From 691fbf5e85ce9eb248ded97d07e5c2c6413eb21d Mon Sep 17 00:00:00 2001
From: Philip Loche <ploche@physik.fu-berlin.de>
Date: Fri, 16 Feb 2024 17:08:58 +0100
Subject: [PATCH] Add custom ArchitectureError

---
 src/metatensor/models/cli/eval_model.py     | 26 +++++++++++++++------
 src/metatensor/models/cli/train_model.py    | 22 ++++++++++-------
 src/metatensor/models/utils/compute_loss.py | 14 +++++++----
 src/metatensor/models/utils/errors.py       | 20 ++++++++++++++++
 tests/utils/test_errors.py                  | 11 +++++++++
 5 files changed, 73 insertions(+), 20 deletions(-)

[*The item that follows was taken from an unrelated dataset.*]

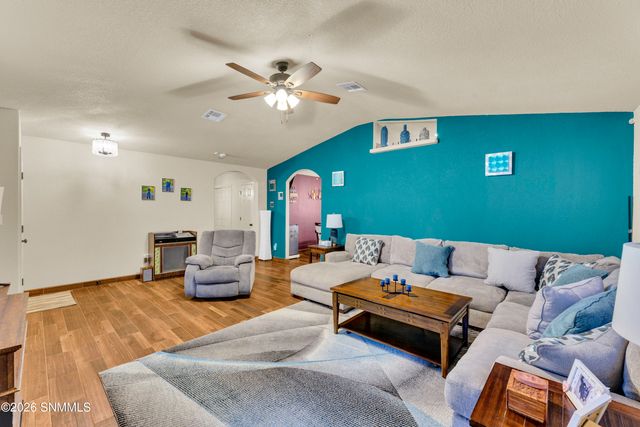 5979 Moon View Drive, Las Cruces, NM 88012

 create mode 100644 src/metatensor/models/utils/errors.py
 create mode 100644 tests/utils/test_errors.py

diff --git a/src/metatensor/models/cli/eval_model.py b/src/metatensor/models/cli/eval_model.py
index 31ca2a481..bcbc3d8da 100644
--- a/src/metatensor/models/cli/eval_model.py
+++ b/src/metatensor/models/cli/eval_model.py
@@ -8,6 +8,7 @@
 
 from ..utils.compute_loss import compute_model_loss
 from ..utils.data import collate_fn, read_structures, read_targets, write_predictions
+from ..utils.errors import ArchitectureError
 from ..utils.extract_targets import get_outputs_dict
 from ..utils.info import finalize_aggregated_info, update_aggregated_info
 from ..utils.loss import TensorMapDictLoss
@@ -90,7 +91,13 @@ def _eval_targets(model, dataset: Union[_BaseDataset, torch.utils.data.Subset])
     finalized_info = finalize_aggregated_info(aggregated_info)
 
     energy_counter = 0
-    for output in model.capabilities.outputs.values():
+
+    try:
+        outputs_capabilities = model.capabilities.outputs
+    except Exception as e:
+        ArchitectureError(e)
+
+    for output in outputs_capabilities.values():
         if output.quantity == "energy":
             energy_counter += 1
     if energy_counter == 1:
@@ -104,7 +111,7 @@ def _eval_targets(model, dataset: Union[_BaseDataset, torch.utils.data.Subset])
         if key.endswith("_positions_gradients"):
             # check if this is a force
             target_name = key[: -len("_positions_gradients")]
-            if model.capabilities.outputs[target_name].quantity == "energy":
+            if outputs_capabilities[target_name].quantity == "energy":
                 # if this is a force, replace the ugly name with "force"
                 if only_one_energy:
                     new_key = "force"
@@ -113,9 +120,8 @@ def _eval_targets(model, dataset: Union[_BaseDataset, torch.utils.data.Subset])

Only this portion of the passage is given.